Вернувшись в Мулен, Габриель вновь обрела свою клиентуру и скромно жила шитьем, стараясь как можно чаще отзываться на приглашения Мод – это давало ей возможность повидать дражайшую Адриенн. Надеялась ли она, как другие посещавшие тот салон молодые женщины, найти себе спутника жизни, бросить бесплодные попытки сделать настоящую карьеру певицы? Что-то не похоже, чтобы она уже отказалась от этого.

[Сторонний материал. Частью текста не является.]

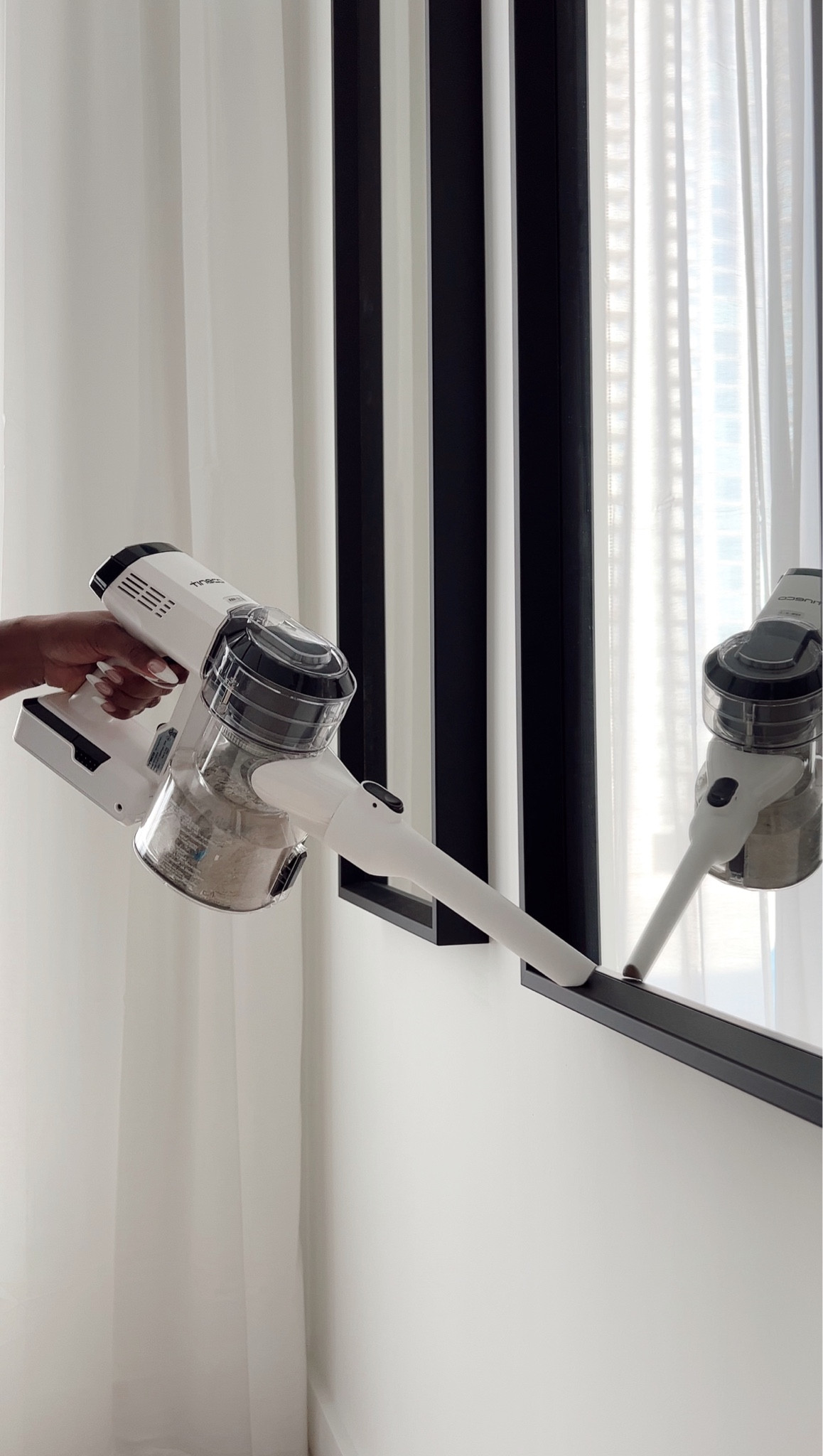 love this versatile vacuum from target! can be used for hardwood floors and carpet. also detached to be used as a handheld vacuum. 11/10 ✨


#LTKhome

Ей едва исполнилось двадцать четыре года, и она не из тех, кто так легко сдается. Разумеется, она продолжает бывать у молодых офицеров, которые столько раз устраивали для нее праздники; а во второй половине дня – обыкновенно в пять вечера – ее часто можно встретить в только что открывшемся в центре города чайном салоне «Делис», лакомящейся булочками с чаем или с горячим шоколадом в тесном кругу молодых поклонников. Среди них и наш знакомый Этьен Бальсан, срок службы которого в Мулене еще не закончился. Но, как ни настаивала Коко, он наотрез отказывался сопровождать ее на вечеринки на вилле Мод. У той нет ни ума, ни шарма, говорит он. И вообще она похожа на жирную индюшку, хоть сейчас на рождественский стол. К всеобщей радости, он начинает передразнивать ее походку, ее забавные ужимки… Да, право, это у него здорово получается! В заключение он сообщает, что на хваленых вечеринках у Мод царит смертная скука, совершенно в стиле самой хозяйки салона.
– Там загнешься с тоски! – утверждает он.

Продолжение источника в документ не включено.